How complete is this list? Demographers employ what is called dual-enumeration or capture-recapture methodology to provide an estimate of the number of instances of a phenomenon (in this case homicides) missed by the enumeration of a specific population in a common geographic area at a particular moment in time. The method requires that the enumeration be drawn from at least two independent sources. This enumeration meets that criteria. Legal records exist for 203 victims of homicide during the period. Non-legal sources (newspapers, personal papers, memoirs, and other sources) provide evidence for 403 homicides, including 138 of those found in legal records. The method (discussed in Eckberg 2001) assumes that the proportion of items on the first source list that are missing from the second source list approximates the total number of items missed by that second source, and vice versa.

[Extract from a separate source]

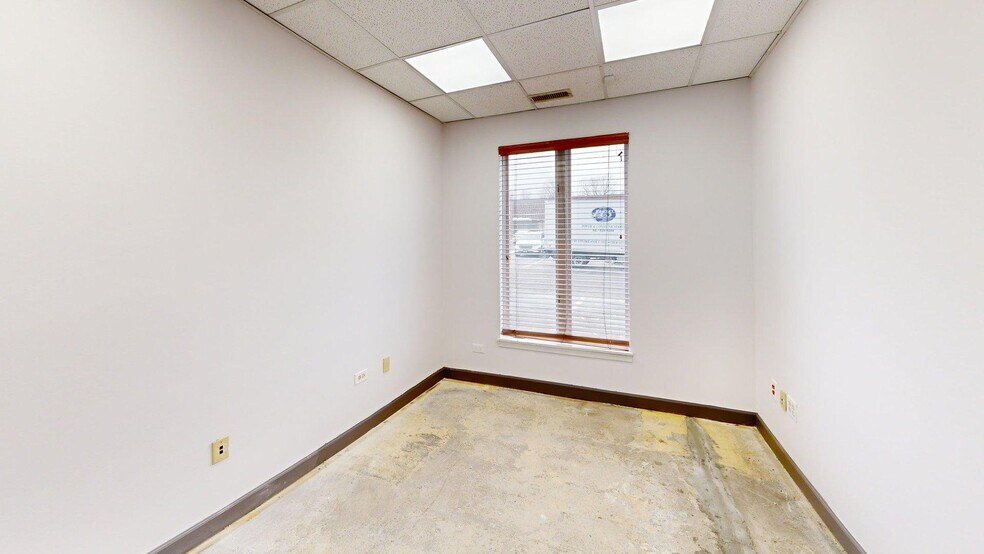 More Photos Of 271-285 E Helen Rd, Palatine Light Distribution For Sale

Using the statistical procedure detailed by Roth (Roth 2009) produces the tabulated results [pdf]. For the entire enumeration, the estimate is that it includes 79% of all the homicides in Los Angeles for the period. A closer examination provides more detail on the nature of those missing homicides. First the list was divided into three time series: 1830-1849, the Mexican period, including the interregnum of American military occupation, during which the Mexican legal system continued to operate; a first American period, 1850-1865, when county institutions of order and justice were put into operation; and a second American period, 1866-1874, when those institutions, as the system of record-keeping, became considerably more effective. For the first period, 1830-1849, the estimate is that the enumeration captured 58% of the homicides; the absence of robust non-legal sources during this period, in particular the absence of newspapers, produces a result with a relatively low level of certainty. For the successive American periods, however, the estimates are much stronger, an estimated 83% capture rate for the period 1850-1865, and 95% for the period 1866-1874.
Dividing the list by the ethnicity of the victims provides further useful detail. The capture rates for the three groups (Native American 53%, Latino/a 79%, and Other 95%) suggest that ethnicity was a major factor in the undercount. Again, breaking these findings into the three period demonstrates that the enumeration for the Mexican period is most problematic, with relatively low confidence levels, but that the enumeration for the American period is quite solid. The sources appear to work the same way for all groups—relatively few homicides found in legal records only, and many found in non-legal records or in both legal and non-legal records.
Eckberg, D. L. 2001. "Stalking the Elusive Homicide: A Capture-Recapture Approach to the Estimation of Post-Reconstruction South Carolina Killings." Social Science History 25: 67-91.
Roth, Randolph. 2009. American Homicide. Cambridge MA: Harvard University Press.